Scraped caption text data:
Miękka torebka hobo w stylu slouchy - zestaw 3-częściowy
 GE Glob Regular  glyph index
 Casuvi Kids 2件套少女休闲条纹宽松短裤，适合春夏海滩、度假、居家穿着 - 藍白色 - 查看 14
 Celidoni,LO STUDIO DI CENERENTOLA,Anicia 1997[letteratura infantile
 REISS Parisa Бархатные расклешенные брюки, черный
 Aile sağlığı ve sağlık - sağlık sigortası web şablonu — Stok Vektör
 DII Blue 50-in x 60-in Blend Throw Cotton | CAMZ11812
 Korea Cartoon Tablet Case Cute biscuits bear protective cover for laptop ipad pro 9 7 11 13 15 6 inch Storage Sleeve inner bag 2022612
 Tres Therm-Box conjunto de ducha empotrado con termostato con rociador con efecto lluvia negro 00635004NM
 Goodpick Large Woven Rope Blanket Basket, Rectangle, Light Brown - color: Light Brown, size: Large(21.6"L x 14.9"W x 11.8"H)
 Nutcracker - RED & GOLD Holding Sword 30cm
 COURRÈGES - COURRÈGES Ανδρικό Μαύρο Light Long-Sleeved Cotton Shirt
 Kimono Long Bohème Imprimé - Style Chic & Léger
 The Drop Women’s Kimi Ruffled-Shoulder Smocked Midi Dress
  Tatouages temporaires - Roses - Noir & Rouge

PROMPT: Only the lines from the one containing "COURRÈGES - COURRÈGES" through the final line of the data belong in the answer, repeated exactly.

RESULT:
 COURRÈGES - COURRÈGES Ανδρικό Μαύρο Light Long-Sleeved Cotton Shirt
 Kimono Long Bohème Imprimé - Style Chic & Léger
 The Drop Women’s Kimi Ruffled-Shoulder Smocked Midi Dress
  Tatouages temporaires - Roses - Noir & Rouge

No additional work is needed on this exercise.